# Exhaust Manifold for 389 with 094 Heads



## y2kjammer (Dec 18, 2009)

I'm putting a 389 in my 66 Lemans. I need exhaust manifolds. I plan to use the 092 GTO Heads that I have. I prefer not to deal with headers but would like to take advantage of the heads and 068 cam I plan to put in the engine. 

I've read here that the prefered exhaust manifold is the Ram lll's.

On Ebay a guy was selling his RAM lll's from a '68 because "My problem is that the left side will not fit my 1966 GTO. I doubt they will work on 1967 either. The PN# are 9777642 and 9791637". 

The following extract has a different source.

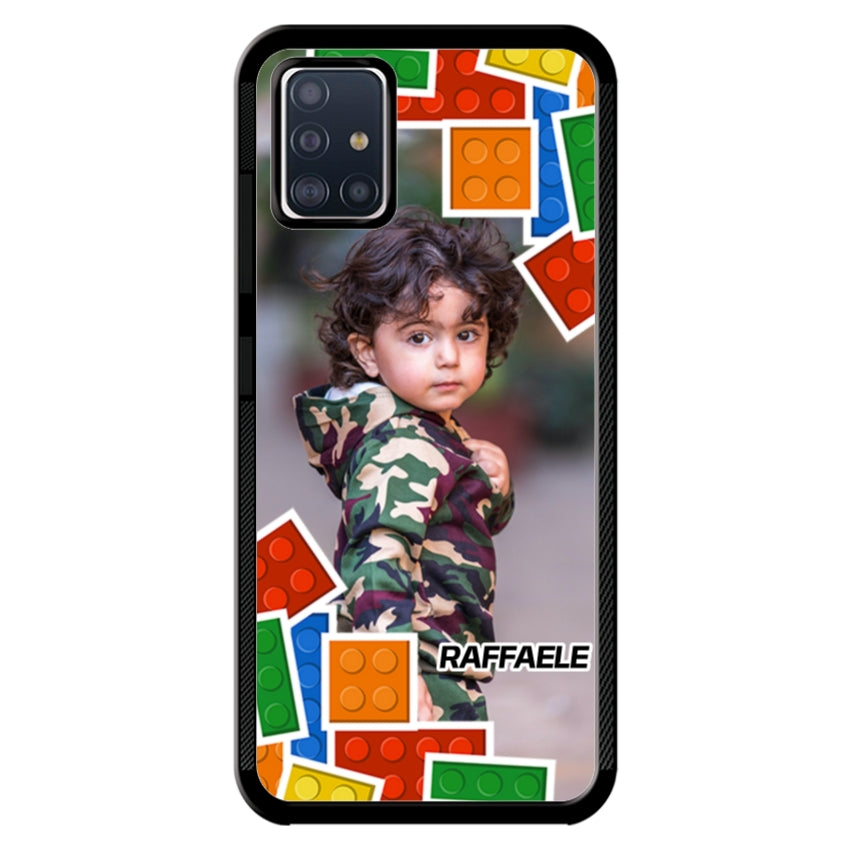 Cover Personalizzata con Frame Lego e Nome - Samsung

Is there really a problem fitting the RAM lll's to a 389 in a 66? If so does anyone have a suggestion on what I might want to use? 

Thanks!


----------



## FNG69 (Nov 15, 2009)

When you look them up at www.ramairrestoration.com they are billed 64-66 then 68-72 a-body. My gut tells me to stay with the 64-66 ones cause I think it's engine fit and not just head fit. I would call Ram Air and ask them before making a decision!! That's what I am running on my 64, and I am very happy!! Les


----------



## allpawl66 (May 9, 2008)

How about just regular standard manifolds ? If you need a cheap set let me know .


----------



## y2kjammer (Dec 18, 2009)

allpawl66 said:


> How about just regular standard manifolds ? If you need a cheap set let me know .


Thanks. I would be interested in a set. I can use them now to get the engine project on track and be ready to install. If I have money...I can always upgrade later if I need more performance. Where are you located? I'm in the Lansing area in Michigan.


----------